How does the activity of my Graylog cluster (both ingestion of logs and searches) impact heap size utilization on my ES nodes?
I have 3 Graylog nodes and 4 ES nodes. The ES nodes each have 64GB physical ram, with ES_HEAP_SIZE set to 30g. I am using Kopf and ElasticHQ to keep an eye on things, and all 4 ES nodes show % heap used at 85 - 95 right now. One day last week when in a similar state my 3 Graylog nodes stopped sending messages to Elasticsearch altogther for a period. I restarted my ES nodes in a rolling fashion to get things moving again. Message ingestion rate is about average today for our setup, 3500 - 5000 per second. ES nodes processor utilization and system load are 10-15% and 2.5 - 5 for load 1min avg. (ES nodes have 2x E5-2620v3, so 12 cores / 24 threads per system)
Is the % heap used more an indication of searches performed, or indication that despite having more than ample disk space, I’ve outgrown 4 ES nodes?
I figured I’d post the question here rather than directly to support so others can benefit from the answer and discussion.
without looking into the Logfiles of Graylog and Elasticsearch it’s hard to get reason for that - but it might be related to usage of the System.
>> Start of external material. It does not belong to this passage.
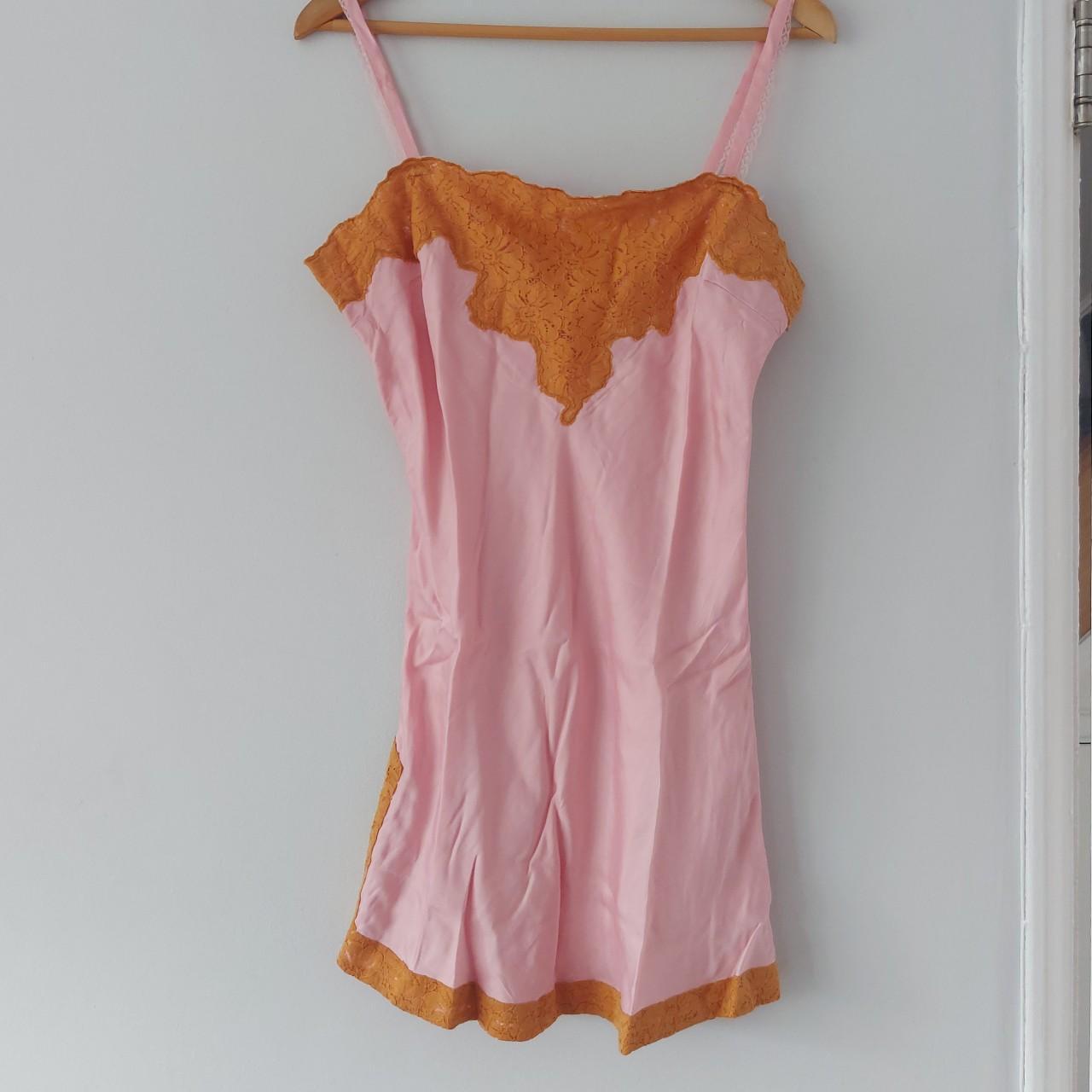 Urban Outfitters Pink Rhiannon mini slip dress. Side... - Depop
That some search queries just knocked out Elasticsearch and send it to some kind of meditation.
I appreciate that you want the community to benefit from the findings, but I guess you did not want to share your Logs … so you can just open a support ticket containing your logs and we will take a look at it.
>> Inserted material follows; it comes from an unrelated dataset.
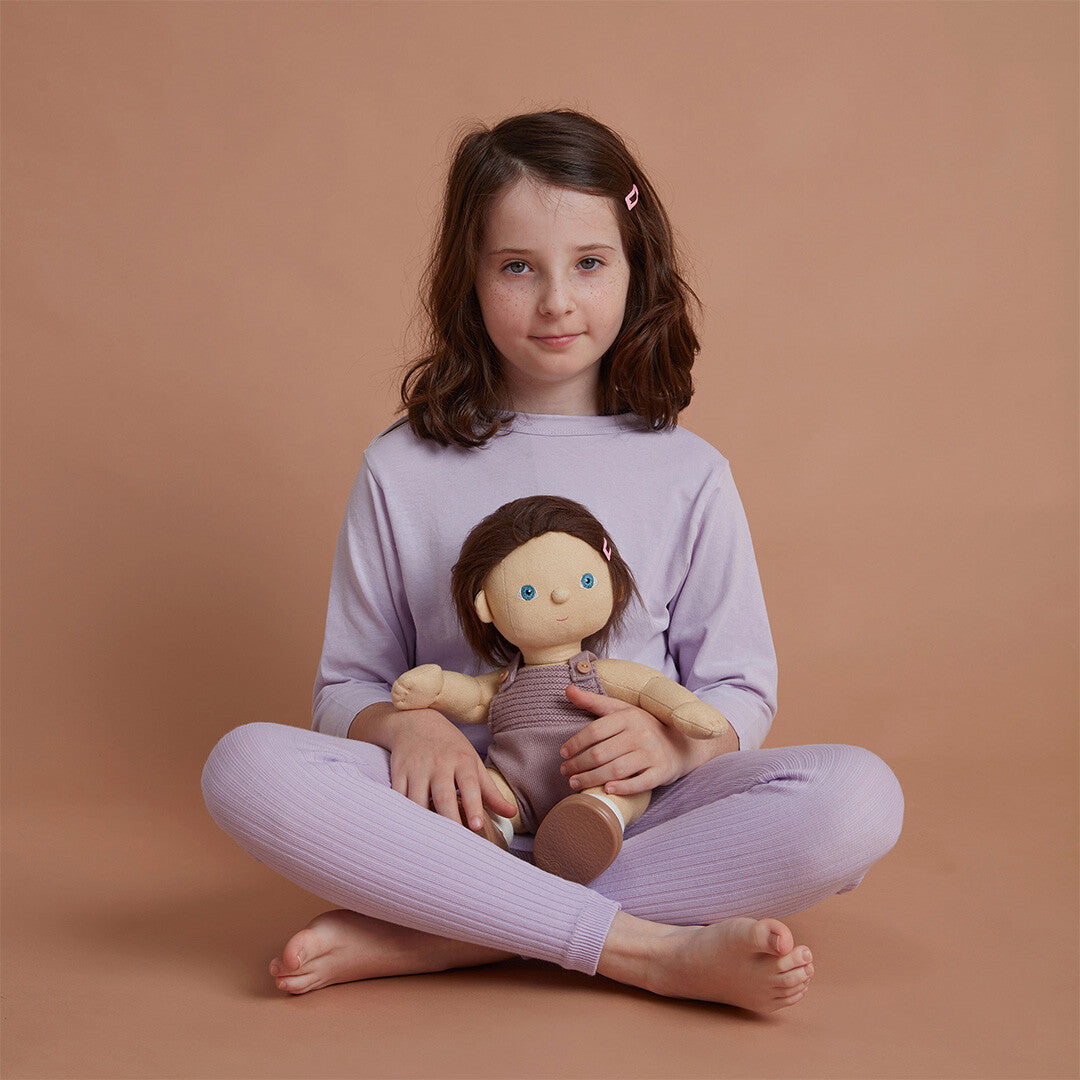 Een kind zit met gekruiste benen en houdt de Olli Ella lappenpop Dinkum Doll Bitsy vast.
Circling back on this post, I discovered that one of the largest consumers of heap on our Elasticsearch nodes was the sheer amount of data we were retaining. My initial index cycling and retention in Graylog was 1D and keeping 365. At peak we reached about 42 billion messages across 4 ES nodes, with about 16TB of data per node. When we started out with Graylog early last year we spec’d data nodes with about 30TB of data space each, and not knowing how Elasticsearch ran I “threw a dart at a board” and set retention to one year. A few months back we chose to throttle back the retention period to 6 months rather than 12, deleting indices older than 6. EvenEarlier in the week our heap usage on our nodes was running around 90%. This time I cut down our retention to only 90 days, but rather than delete the older indices I close them, so that data is still available if we decide we need it at a later date. My average heap usage dropped from 85-90%, to 65-70%.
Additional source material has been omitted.